Attorney Stephen B. Diamond, regarded by some as Chicago’s “king of qui tam,” and likely the most prolific tax whistle-blower in the country, could be coming to the end of his false claims gravy train, a new analysis by Bloomberg BNA reveals.
Diamond, who has filed at least 911 qui tam actions in Cook County Circuit Court under the Illinois False Claims Act (FCA), has racked up almost $30 million in settlements over 15 years.
While a large portion of the funds belongs to the state of Illinois, Diamond’s share of the proceeds totals $11.6 million.
At the same time, Diamond’s litigation freight train may have hit a bump in the tracks.
Bloomberg BNA’s analysis, drawn from hundreds of previously confidential settlements collected though a Freedom of Information Act request on the Illinois Attorney General’s Office, provides the first clear picture of Diamond’s false claims business model and the financial impact it has had on hundreds of defendants.
The list of defendants is impressive, ranging from the most powerful corporations in the world to hundreds of tiny online retailers.

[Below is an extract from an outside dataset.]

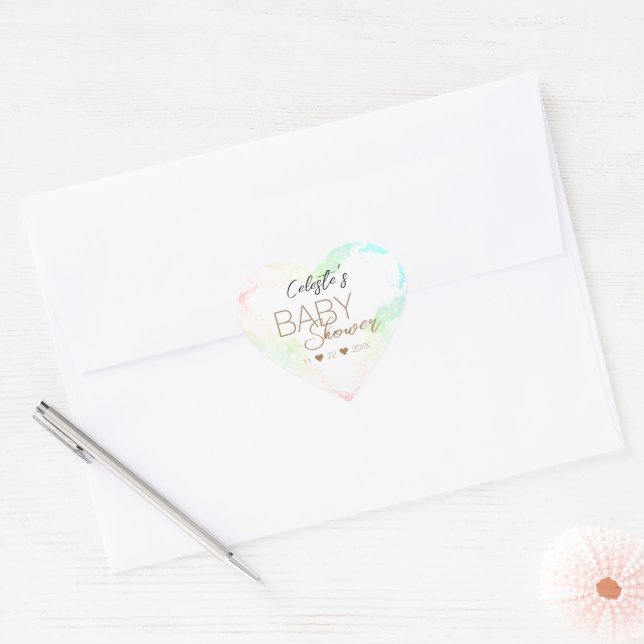 Colourful Rainbow Clouds Baby Shower Envelope Seal (Envelope)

A brief list of Diamond’s targets includes Microsoft Corp., Boeing Co., Fox Broadcasting Co. and Deere & Co., but also WrestlingGear.com Ltd., an Elmhurst, Ill., seller of wrestling shoes and athletic wear (see related story in this issue) and the Infinite Monkey Theorem, a small Denver-based wine seller and one of more than 500 wineries and liquor retailers sued in the last three years.
The Bureau of National Affairs Inc., which publishes Daily Tax Report, was also a defendant in an action brought by Diamond and settled in February 2015.
While the 900-plus cases are filed under the FCA, they all feature legal strategies that accuse defendants of improperly administering provisions of Illinois’ sales and use tax code. A unique quality of the FCA permits a private citizen, acting as a whistle-blower or relator, to sue on behalf of Illinois to correct an alleged fraud. Various iterations of Diamond’s law firms, including Beeler, Schad & Diamond P.C.; Schad, Diamond & Schedden P.C.; and Stephen B. Diamond P.C., are designated as relators in each case.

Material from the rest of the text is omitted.